When I visit exhibitions where I notice a minimalist aesthetic, I immediately recall Tony Smith’s peculiar story with his daughter when she was a child. She, upon seeing some of her father’s works – essentially cubes, concrete geometric shapes – asked him what he hid inside the cube; or the box, should we wish to adorn this childishly puerile idea. In O que fazer? by Martim Brion, curated by João Silvério, I felt this happy curiosity, in an obviously more mature phase: what does the artist hide inside his boxes.
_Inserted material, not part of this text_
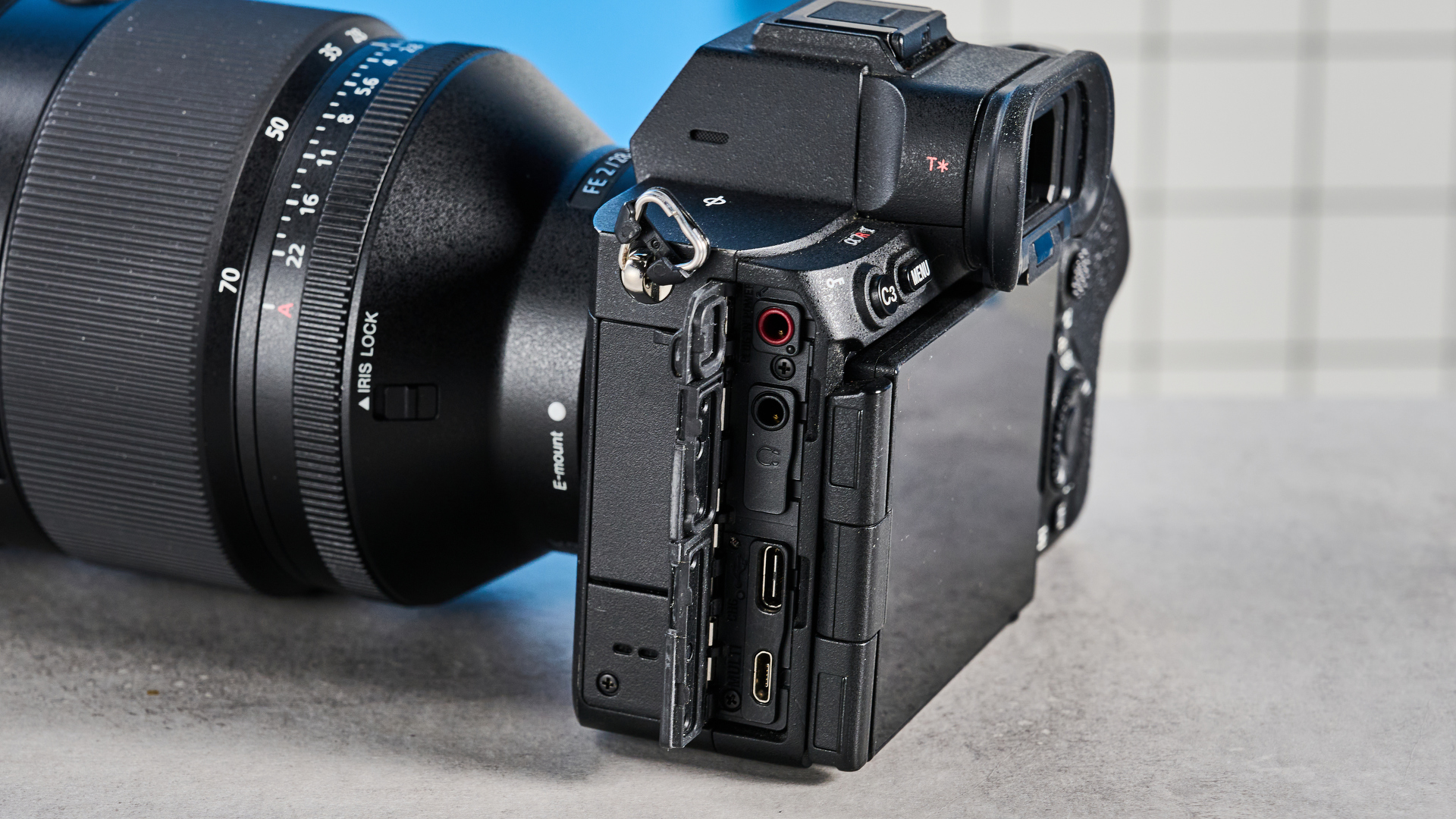 The Sony A7R V with its ports showing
Despite the sculptural, rhythmic and colourful content of this exhibition, Martim Brion makes us move from sculpture to photography and text. It’s a gesture I don’t consider telling of the content, but one that follows the more unsuspecting visitors, so that they don’t get lost in the geometry and colour of the compositions. There is something else, projected by the remaining two-dimensional works. If the photographic set confronts us with some forms that escape the Euclidean space mentioned by João Silvério in the exhibition text (others perhaps want to contradict it, as they are three-dimensional simulations – something only assured by the spectator’s presence), there is a kind of guide in the textual set to imagine something similar to what we see in the space, but which will inevitably drift away inside each one of us, except for the happy cosmic coincidences that may occur. Given this last set, perhaps the title of the exhibition is the ultimate question to be asked within the venue, and one that leads us into another dimension of thought (again, the possible departure from Euclidean space): What to do? The artist presents a potential answer, inscribed in the exhibition text: “(…) A little bit of everything and not at all, both at the same time.” We can think about this radical question of the human condition in the context of this exhibition, until February 12, at Museu Ibérico de Arqueologia e Arte de Abrantes.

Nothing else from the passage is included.